Project

General

Profile

Bug #8733

Exception handling in ForesiteResourceMap needs improvement

Added by Chris Jones about 6 years ago.

Status:
New
Priority:
Normal
Assignee:
Category:
d1_cn_index_processor
Target version:
-
Start date:
2018-10-12
Due date:
% Done:

0%

Story Points:
Sprint:

Description

We're seeing some errors from the org.dataone.cn.indexer.resourcemap.ForesiteResourceMap constructor when indexing resource maps in Metacat 2.9.0, d1_cn_index_processor 2.3.4. A general Exception is being caught and re-thrown as an OREParserException on line 104:

metacat 20181012-10:53:02: [INFO]: done queueing doc index for pid urn:uuid:5a860679-159e-45a6-bcb6-beb67f4166c2 [edu.ucsb.nceas.metacat.MetacatHandler:handleReindexAction:2777]
metacat 20181012-10:53:02: [DEBUG]: ================= in the finally statement [edu.ucsb.nceas.metacat.MetacatHandler:handleReindexAction:2808]
metacat 20181012-10:53:02: [DEBUG]: ================= in the finally statement which out is not null [edu.ucsb.nceas.metacat.MetacatHandler:handleReindexAction:2810]
org.dspace.foresite.OREParserException: java.lang.NullPointerException
    at org.dataone.cn.indexer.resourcemap.ForesiteResourceMap.<init>(ForesiteResourceMap.java:104)
    at org.dataone.cn.indexer.resourcemap.ResourceMapFactory.buildResourceMap(ResourceMapFactory.java:45)
    at edu.ucsb.nceas.metacat.index.resourcemap.ResourceMapSubprocessor.processResourceMap(ResourceMapSubprocessor.java:97)
    at edu.ucsb.nceas.metacat.index.resourcemap.ResourceMapSubprocessor.processDocument(ResourceMapSubprocessor.java:86)
    at edu.ucsb.nceas.metacat.index.SolrIndex.process(SolrIndex.java:236)
    at edu.ucsb.nceas.metacat.index.SolrIndex.insert(SolrIndex.java:426)
    at edu.ucsb.nceas.metacat.index.SolrIndex.update(SolrIndex.java:637)
    at edu.ucsb.nceas.metacat.index.SolrIndex.update(SolrIndex.java:592)
    at edu.ucsb.nceas.metacat.index.SystemMetadataEventListener.entryUpdated(SystemMetadataEventListener.java:146)
    at edu.ucsb.nceas.metacat.index.SystemMetadataEventListener.entryAdded(SystemMetadataEventListener.java:119)
    at com.hazelcast.client.impl.EntryListenerManager.notifyListeners(EntryListenerManager.java:148)
    at com.hazelcast.client.impl.EntryListenerManager.notifyListeners(EntryListenerManager.java:130)
    at com.hazelcast.client.impl.ListenerManager.customRun(ListenerManager.java:88)
    at com.hazelcast.client.ClientRunnable.run(ClientRunnable.java:30)
    at java.lang.Thread.run(Thread.java:748)

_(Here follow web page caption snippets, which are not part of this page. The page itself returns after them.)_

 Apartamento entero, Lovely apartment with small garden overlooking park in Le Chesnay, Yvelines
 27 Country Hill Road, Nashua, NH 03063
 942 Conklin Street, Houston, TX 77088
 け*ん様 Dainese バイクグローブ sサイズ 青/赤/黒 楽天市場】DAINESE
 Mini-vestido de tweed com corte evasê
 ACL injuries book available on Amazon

The resource map that is failing to index is https://knb.ecoinformatics.org/knb/d1/mn/v2/object/urn%3Auuid%3A5a860679-159e-45a6-bcb6-beb67f4166c2

This resource map parses fine using com.hp.hpl.jena.rdf.model.Model.read() outside of the index processor code.

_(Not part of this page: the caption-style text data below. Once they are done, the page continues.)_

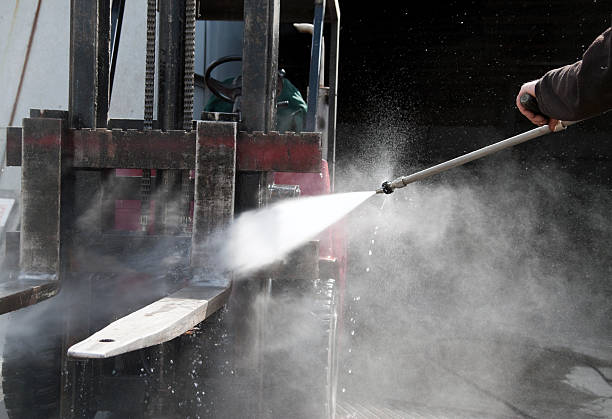 Pressure Washing Services for Businesses in Kent City, MI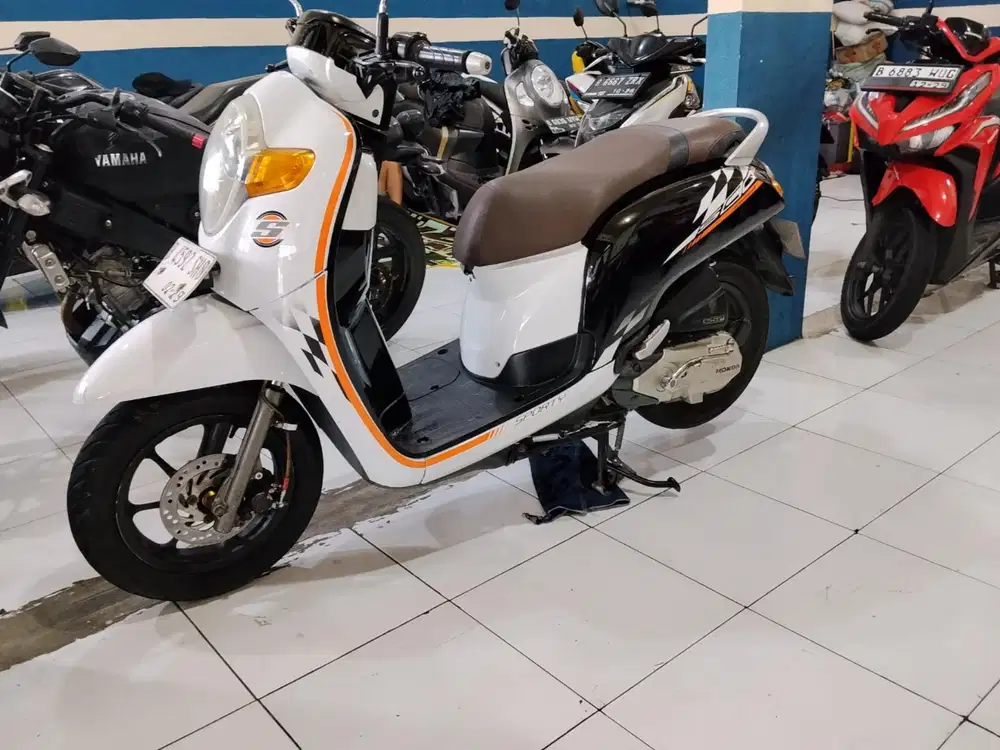 dijual Honda Scoopy donat 2019 pajak hidup istimewa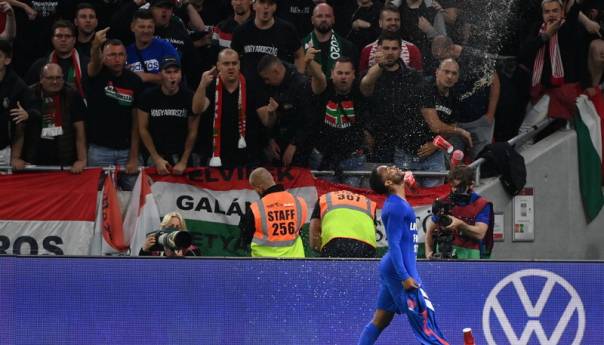 Mađarski nogometni savez brani navijače od optužbi za rasizam protiv Engleza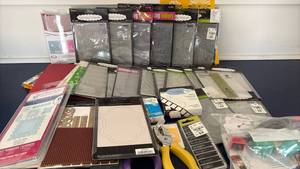 lot 3505 image: Scrapbooking supplies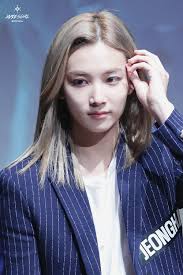 Like Seventeen Jeonghan Seventeen Jeonghan Long Hair Styles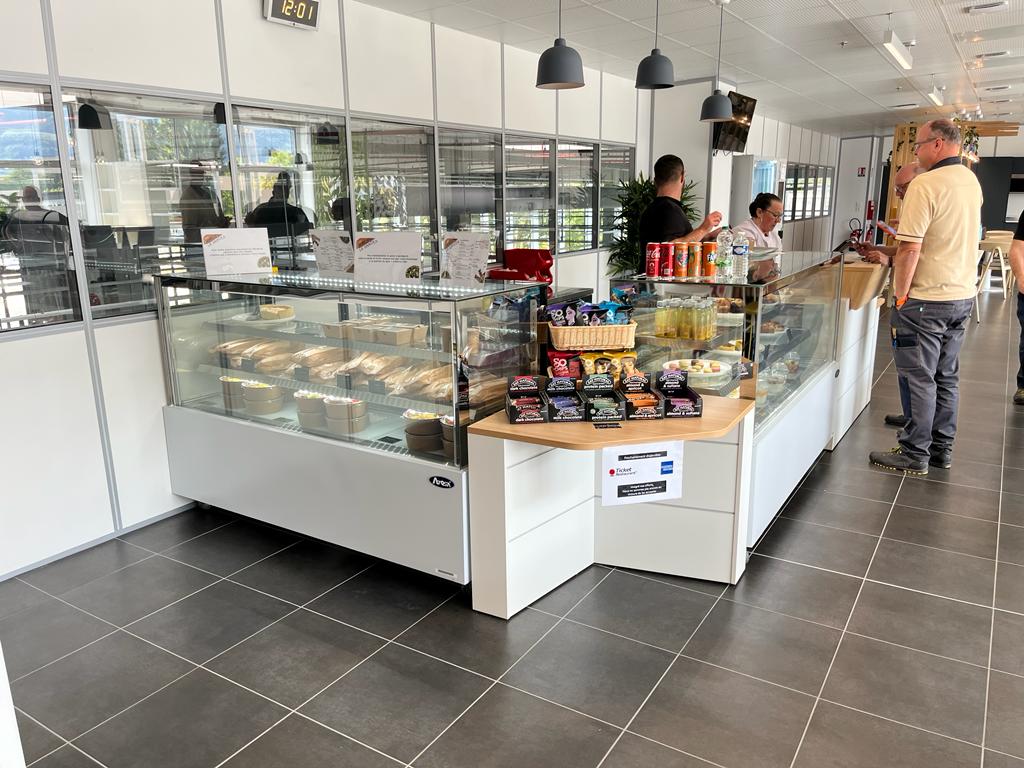 Vente et installation vitrine réfrigérée pour restaurant ou supérette à Bourgoin Jallieu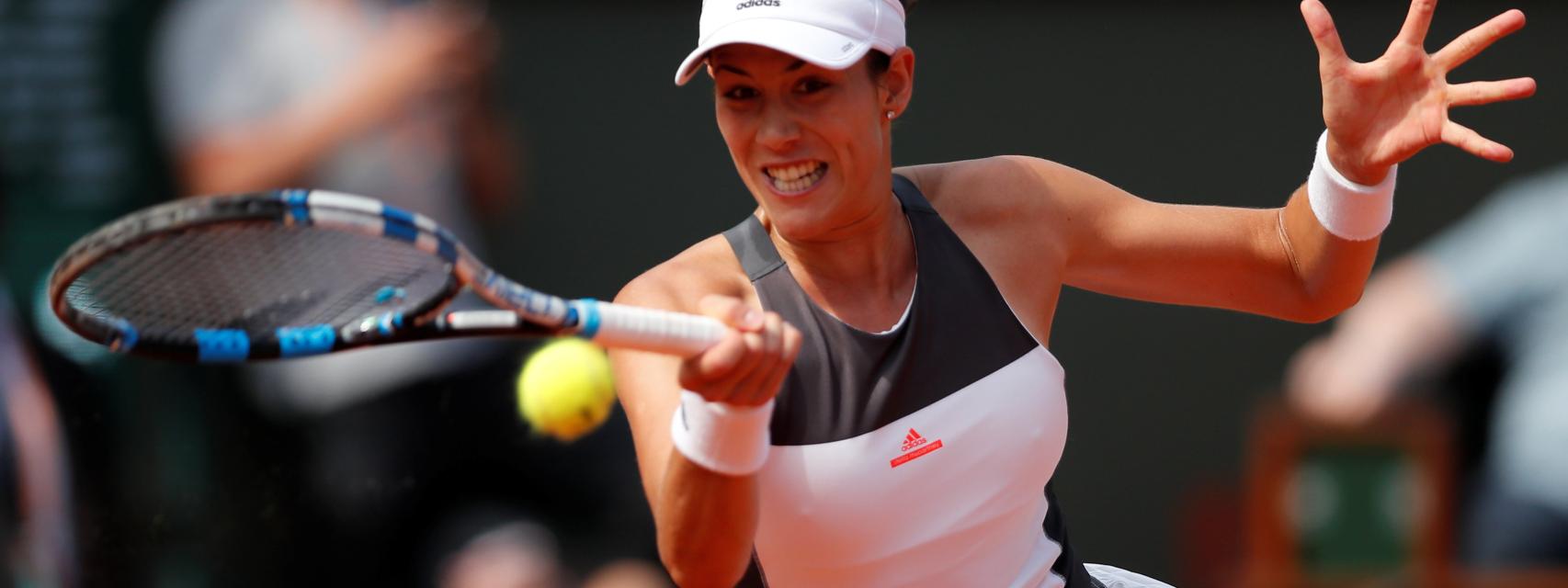 Muguruza, golpeando una derecha ante Schiavone.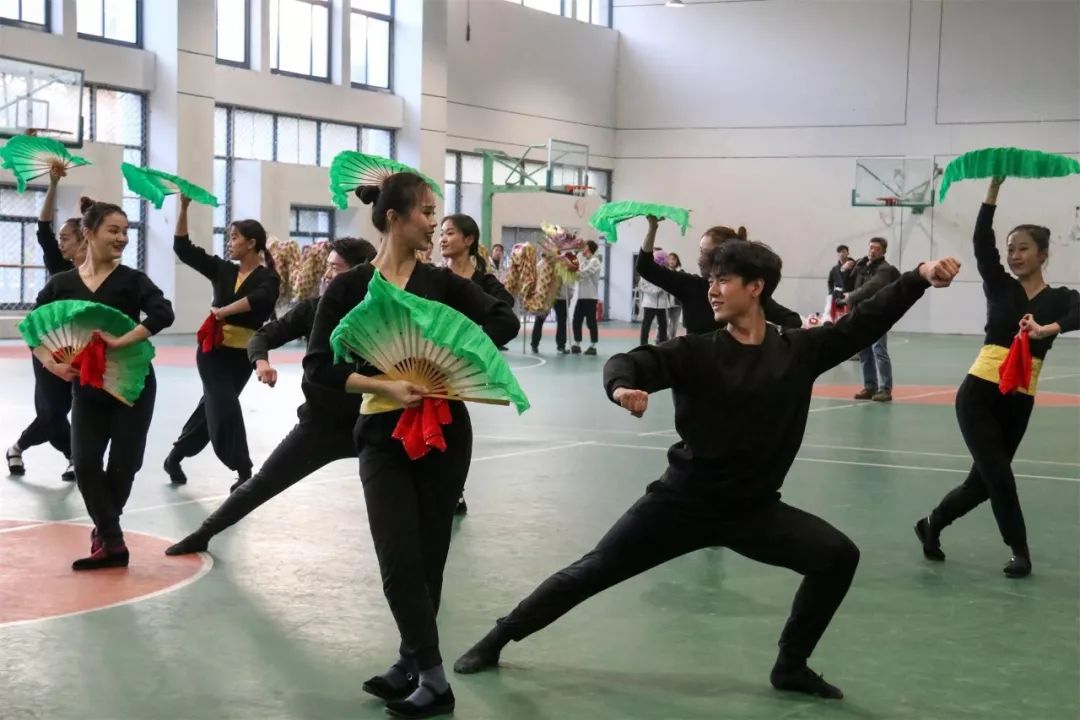 文艺名家进高校--省文联文艺小分队走进阜阳师范大学(图14) 文艺名家进高校--省文联文艺小分队走进阜阳师范大学(图14)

This ForesiteResourceMap constructor is taking an org.w3c.dom.Document as input, converting it to an in-memory ByteArrayOutputStream, and converting that to an in-memory String, to finally get a ReaderInputStream to be passed to _init(). We may need to address the handling inefficiency as a secondary improvement to the code, if feasible.

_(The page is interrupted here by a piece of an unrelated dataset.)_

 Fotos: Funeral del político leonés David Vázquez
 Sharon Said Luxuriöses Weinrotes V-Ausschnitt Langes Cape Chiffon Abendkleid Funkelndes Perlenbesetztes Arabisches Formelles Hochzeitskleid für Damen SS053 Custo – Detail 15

We also need to not catch a general Exception on line 117, but rather catch the more specific exception that is thrown, which will help with troubleshooting where the exception is coming from. Debug logging statements would help too.

The exception is a NullPointerException, so we ultimately need to track down where this is coming from.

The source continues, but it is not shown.